Ну вот, написал 1000 страниц.
Огни зажигались вечерние,
Выл ветер и дождик мочил,
Когда из Полтавской губернии
Я в город столичный входил.
В руках была палка предлинная,
Котомка пустая на ней,
На плечах шубёнка овчинная,
В кармане 15 грошей.
Ни денег, ни званья, ни племени,
Мал ростом и с виду смешон,
Да сорок лет минуло времени, —
В кармане моём миллион.
Тысяча страничек, копеечка к копеечке. Можно и закругляться. (944)
902
Примечание к с.50 «Бесконечного тупика»
Юнг настолько ушёл в слово, что он и своё бессознательное сделал фактом словесного мира … в результате получается страшная деформация личности
Набоков терпеть не мог Фрейда, этого, по его словам, «венского шарлатана», который «вместе со своими попутчиками трясется в третьем классе науки через тоталитарное государство полового мифа».
Если Фрейд, по Набокову, III класс, то Юнг, наверно, II. Юнговская критика фрейдизма достаточно глубока. Это учение трактовалось швейцарским мыслителем как секуляризованный иудаизм. Иегова заменился сексуальностью. «Изменилось только имя, и с ним конечно точка зрения, что потерянного Бога следует искать внизу, а не вверху». Юнг писал:
«Где бы только в человеческой личности или в произведении искусства не появлялась выраженная духовность (в интеллектуальном, а не сверхъестественном смысле), Фрейд относился к ней с подозрительностью и намекал, что это подавленная сексуальность … Он был захвачен своей сексуальной теорией в необыкновенной степени. Когда мы говорили о ней, его тон становился настойчивым, почти обеспокоенным, и все признаки его обычно скептической и критической манеры исчезали. Странное, глубоко взволнованное выражение лица было для меня загадкой … Фрейд сказал мне: „Мой дорогой Юнг, обещайте никогда не отказываться от сексуальной теории. Из всего это самое важное. Видите ли, мы должны сделать из неё догму, неприступный бастион“. Он сказал мне это с большим подъёмом, в тоне отца, говорящего: „И обещай мне одну вещь, мой дорогой сын, что ты будешь ходить в церковь каждое воскресенье!"“
При этом сам Юнг не в меньшей степени был склонен к безвольному подчинению демонам иррационализма (910). Конфликт с Фрейдом он пытался преодолеть путем взаимной психотерапии. Они много спали, а просыпаясь, рассказывали друг другу сны и потом их дешифровывали. Юнгу казалось, что его сновидения глубже фрейдовских и более адекватно символизируют возникшую ситуацию. Он не понимал, что не бессознательное внедряется в его сознание, а его хитрое сознание программирует сны в угодном ему направлении (911). Подлинное же его «я» остается для него загадкой (не говоря уже о «сверх-я»).

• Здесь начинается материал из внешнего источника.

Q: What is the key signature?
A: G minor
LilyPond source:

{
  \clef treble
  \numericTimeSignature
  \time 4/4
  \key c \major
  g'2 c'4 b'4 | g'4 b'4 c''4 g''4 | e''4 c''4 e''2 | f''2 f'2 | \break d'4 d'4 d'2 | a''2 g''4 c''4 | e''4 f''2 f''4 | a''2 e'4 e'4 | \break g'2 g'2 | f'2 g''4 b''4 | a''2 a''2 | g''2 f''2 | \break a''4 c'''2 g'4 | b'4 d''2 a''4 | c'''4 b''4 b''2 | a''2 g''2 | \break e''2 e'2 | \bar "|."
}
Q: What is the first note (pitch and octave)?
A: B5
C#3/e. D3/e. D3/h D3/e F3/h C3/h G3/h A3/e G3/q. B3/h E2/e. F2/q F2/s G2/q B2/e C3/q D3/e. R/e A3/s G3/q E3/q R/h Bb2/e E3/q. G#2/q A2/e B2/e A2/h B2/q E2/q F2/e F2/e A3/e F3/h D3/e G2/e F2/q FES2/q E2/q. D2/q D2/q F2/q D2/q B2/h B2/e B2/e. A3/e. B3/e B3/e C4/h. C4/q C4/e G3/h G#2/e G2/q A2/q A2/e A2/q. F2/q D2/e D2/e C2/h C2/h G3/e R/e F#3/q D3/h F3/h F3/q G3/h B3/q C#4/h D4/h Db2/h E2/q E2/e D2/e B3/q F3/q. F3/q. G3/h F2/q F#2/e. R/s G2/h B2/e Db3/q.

Ошибка Юнга в отсутствии чувства юмора, иронии, по крайней мере, уровня юмора и иронии, соответствующего его интеллекту. А ведь он сам писал, что никто не может безнаказанно встречаться с собственным бессознательным:
«Творческая личность имеет мало власти над своей собственной жизнью. Она несвободна. Она пленница, влекомая своим демоном».
«Архетипы говорят на насыщенным риторикой языке, даже, можно сказать, на напыщенным языке … ни один мужчина не может беседовать с анимусом в течение пяти минут, чтобы не стать жертвой своей собственной анимы. Тот же, кто имеет достаточное чувство юмора, чтобы объективно слышать последующий диалог, будет поражён огромным количеством общих мест, злоупотреблением трюизмами, клише из газет и романов, дешёвыми банальностями каждого описания, пересыпаемого вульгарной бранью, и уморазрушительным отсутствием логики. Это диалог, который независимо от участников повторяется миллионы и миллионы раз на всех языках мира и всегда остаётся по сути одним и тем же.»